Problem - All of the entries must be reproduced exactly, with no images carried over.

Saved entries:
/---

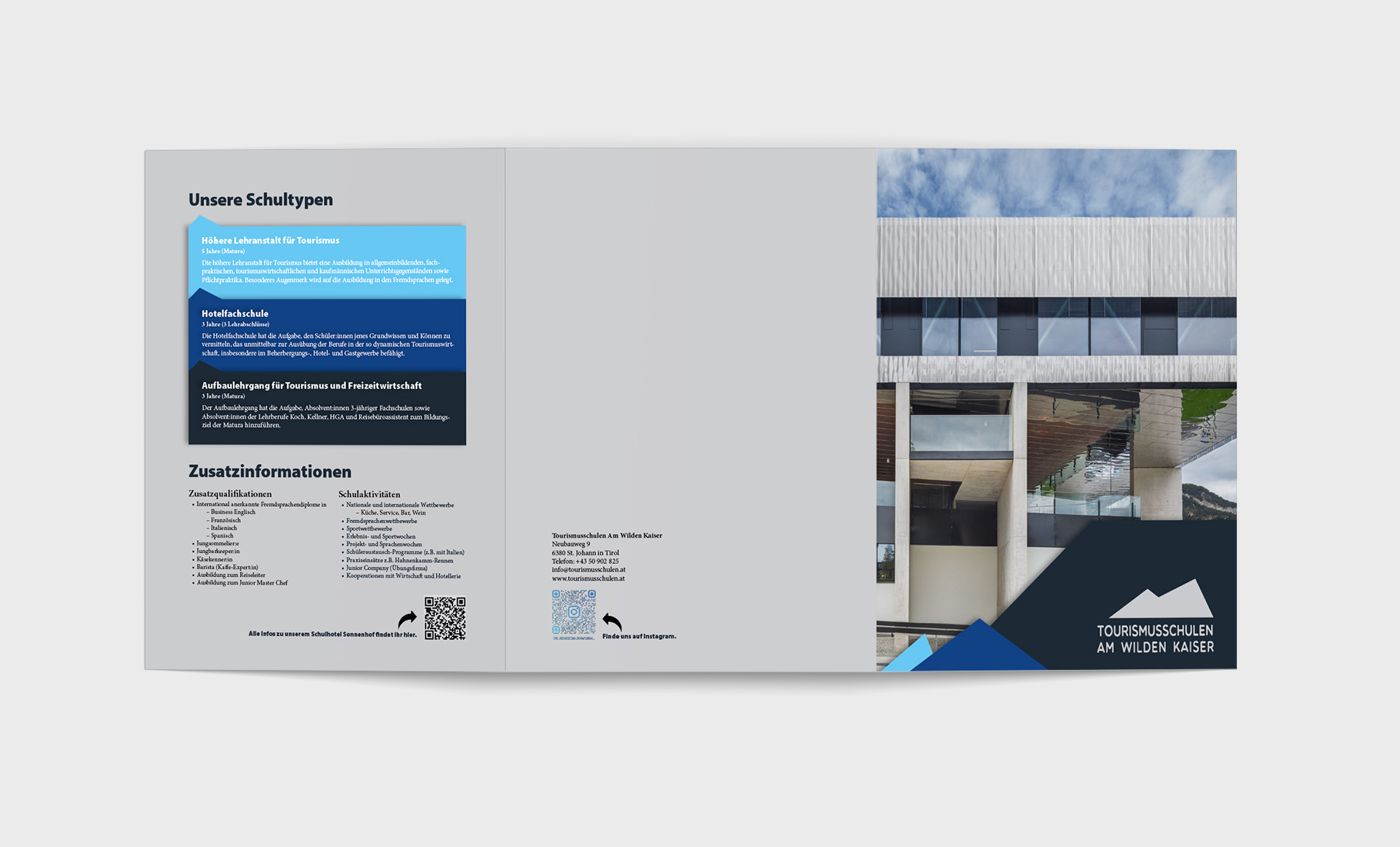 Tourismuschulen am Wilden Kaiser Broschueren Aussenansicht gesamt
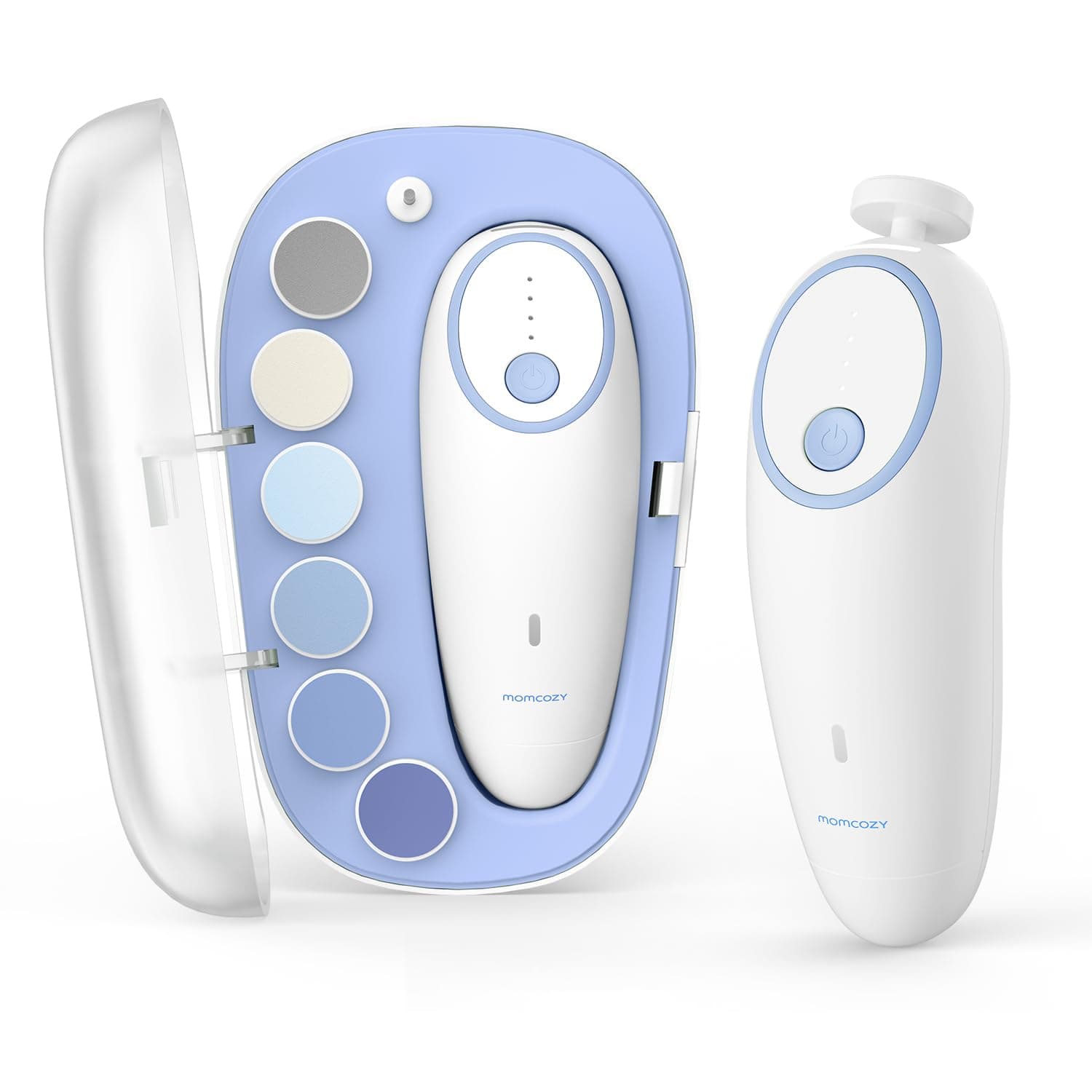 Momcozy Lima de Uñas Eléctrica para Bebés, Cortauñas Eléctrico Suave y Silencioso, Recargable con Luz LED, 7 Cabezales de Pulido, para Recién Nacidos y Niños
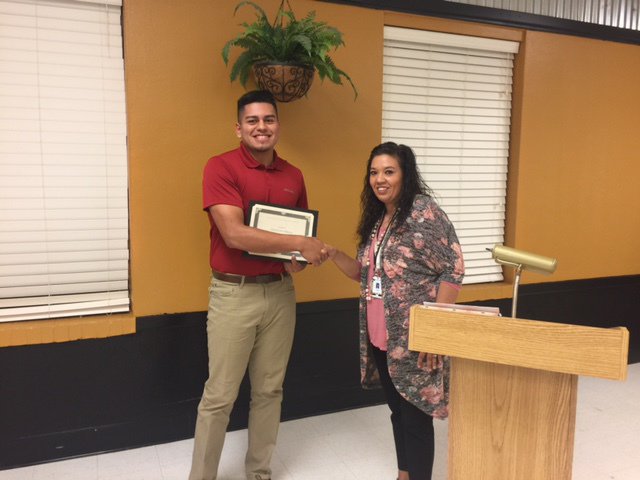Image: David DeLaHoya, future student at Texas State Technical College with Tina Richards, Academic Adviser for IHS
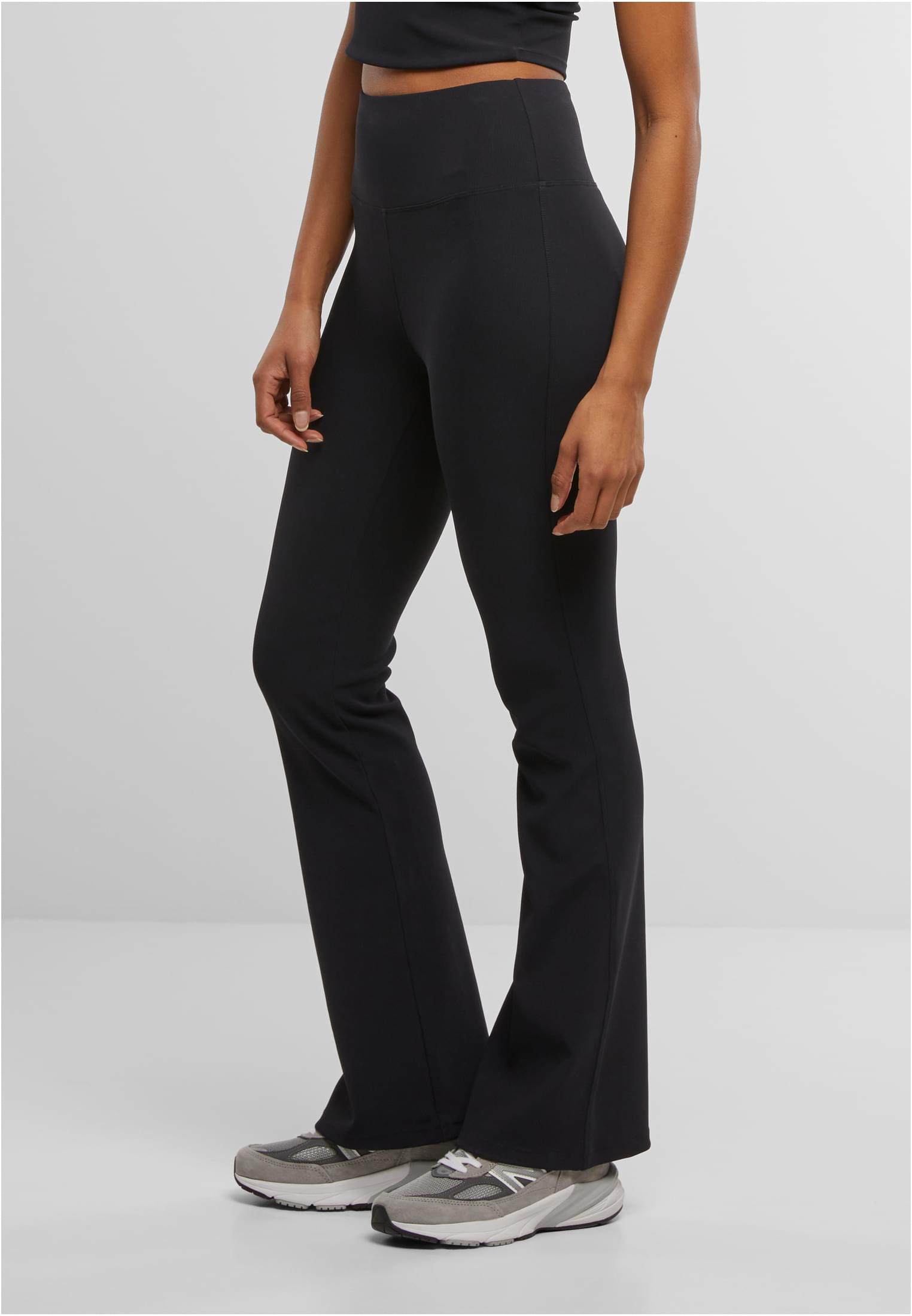 Ladies Flared Leggings Rib | black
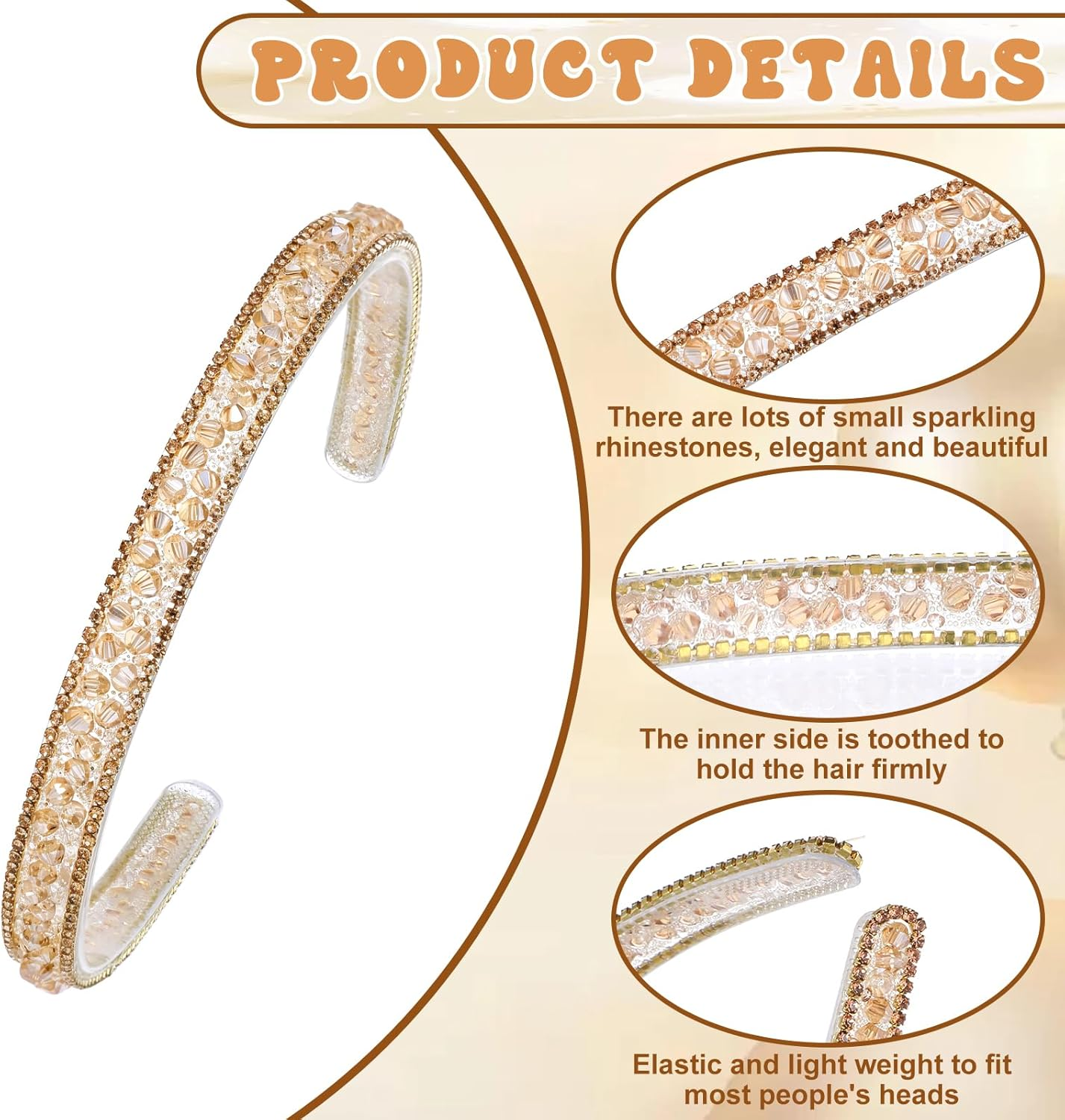 Rhinestone Headband, Sparkly Crystal Headband for Women Girls Non-Slip Glitter Diamond Headbands Bling Hair Styling Accessories for Party Birthday (Champagne)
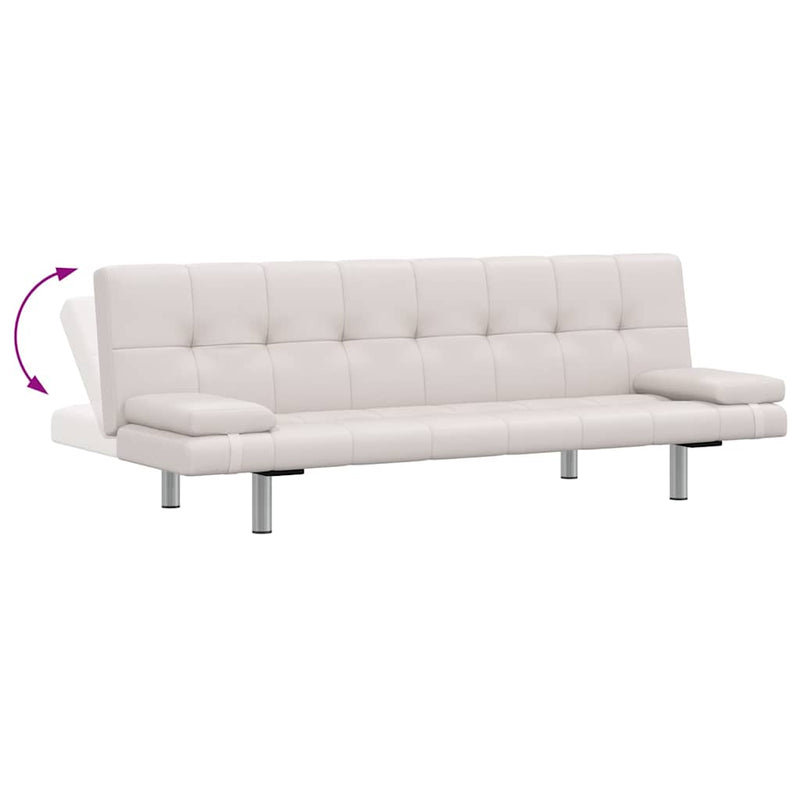 vidaXL krémfehér műbőr állítható kanapéágy két párnával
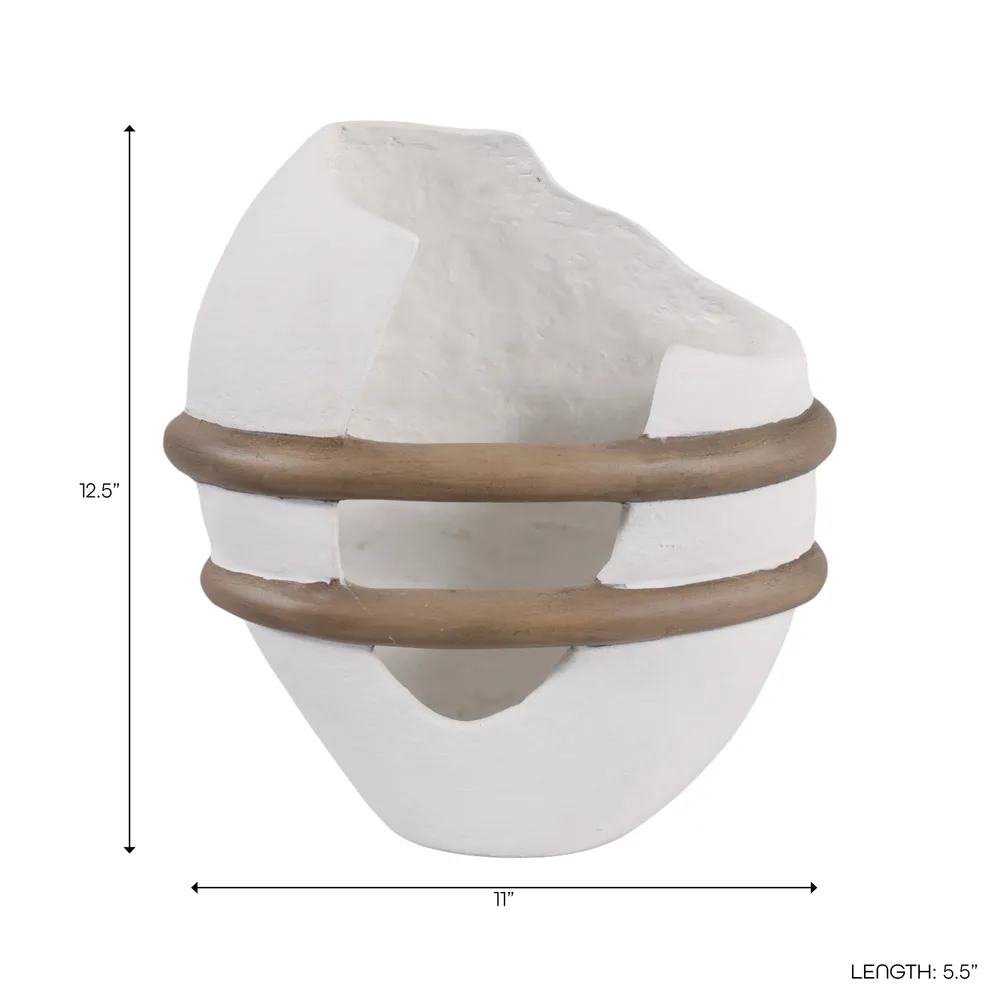 LUKETON WHITE VASE 13 (IN)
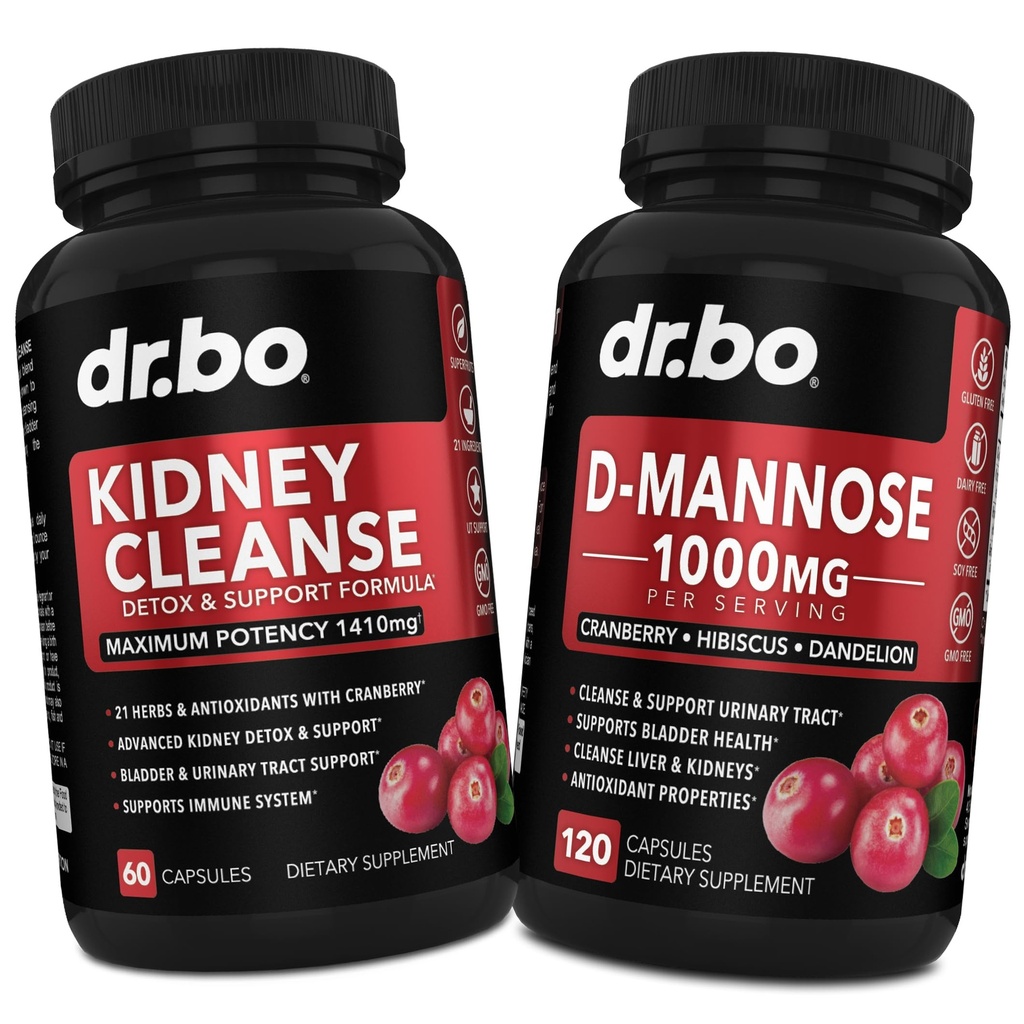 Neerupuhastuse ja D mannoosi lisandid - neerude detoxi tugilisand, D-Mannose 500mg 1000mg kapslid - DMannose & Natural Cranberry, et toetada neerusid, põit ja kuseteede tervise toidulisandeid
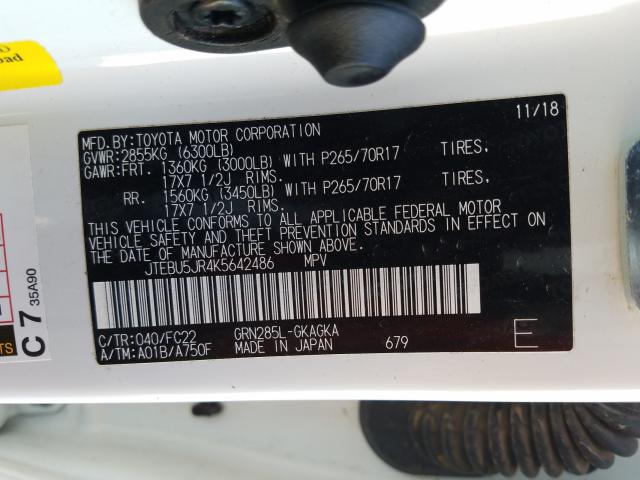 VIN 4T1BF1FK2GU164726 2019 TOYOTA 4RUNNER SR no.10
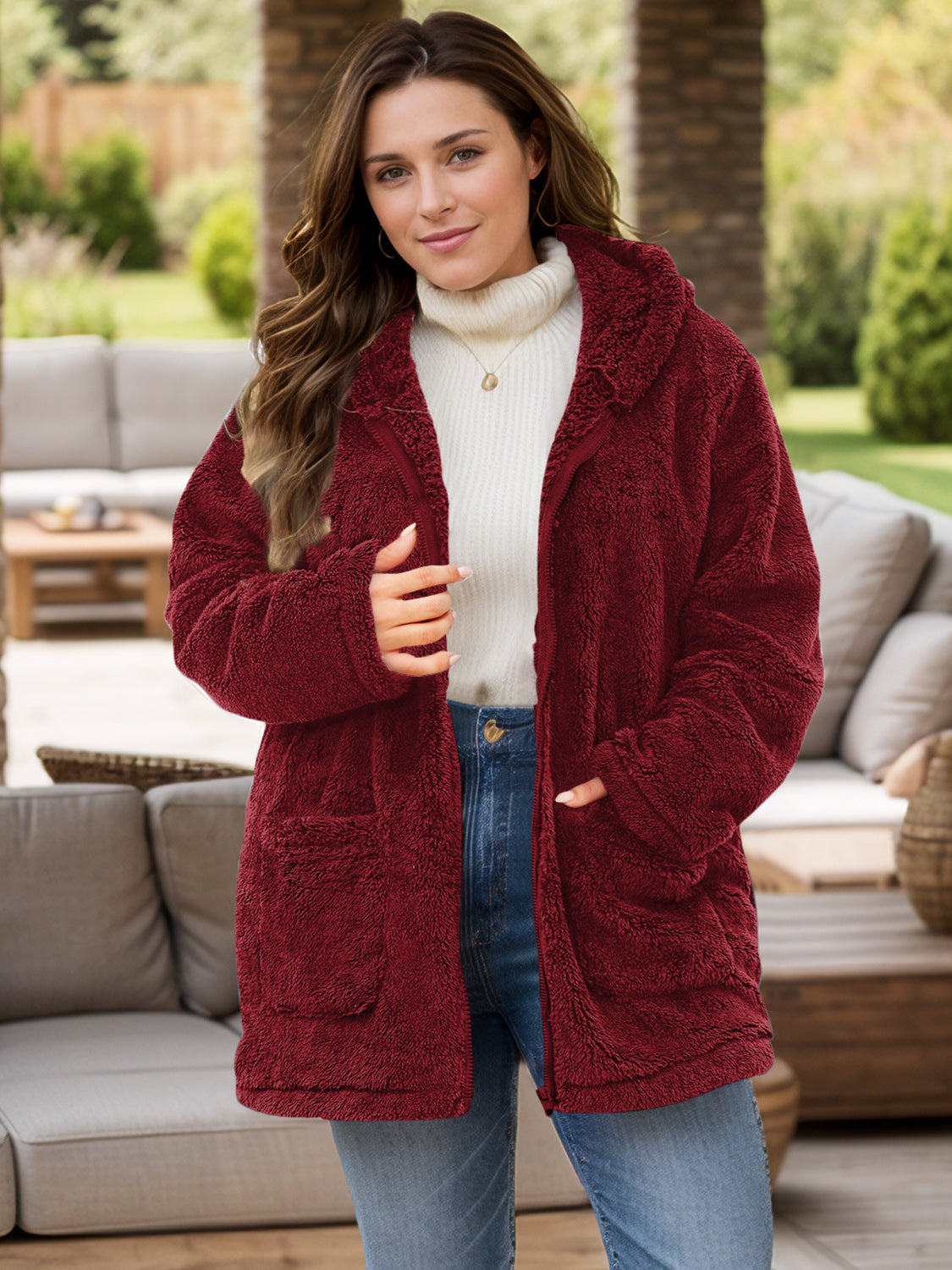 Plus Size Zip Up Long Sleeve Hooded Outerwear-Angel Casuals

\---

Exercise result -
 Tourismuschulen am Wilden Kaiser Broschueren Aussenansicht gesamt
 Momcozy Lima de Uñas Eléctrica para Bebés, Cortauñas Eléctrico Suave y Silencioso, Recargable con Luz LED, 7 Cabezales de Pulido, para Recién Nacidos y Niños
Image: David DeLaHoya, future student at Texas State Technical College with Tina Richards, Academic Adviser for IHS
 Ladies Flared Leggings Rib | black
 Rhinestone Headband, Sparkly Crystal Headband for Women Girls Non-Slip Glitter Diamond Headbands Bling Hair Styling Accessories for Party Birthday (Champagne)
 vidaXL krémfehér műbőr állítható kanapéágy két párnával
 LUKETON WHITE VASE 13 (IN)
 Neerupuhastuse ja D mannoosi lisandid - neerude detoxi tugilisand, D-Mannose 500mg 1000mg kapslid - DMannose & Natural Cranberry, et toetada neerusid, põit ja kuseteede tervise toidulisandeid
 VIN 4T1BF1FK2GU164726 2019 TOYOTA 4RUNNER SR no.10
 Plus Size Zip Up Long Sleeve Hooded Outerwear-Angel Casuals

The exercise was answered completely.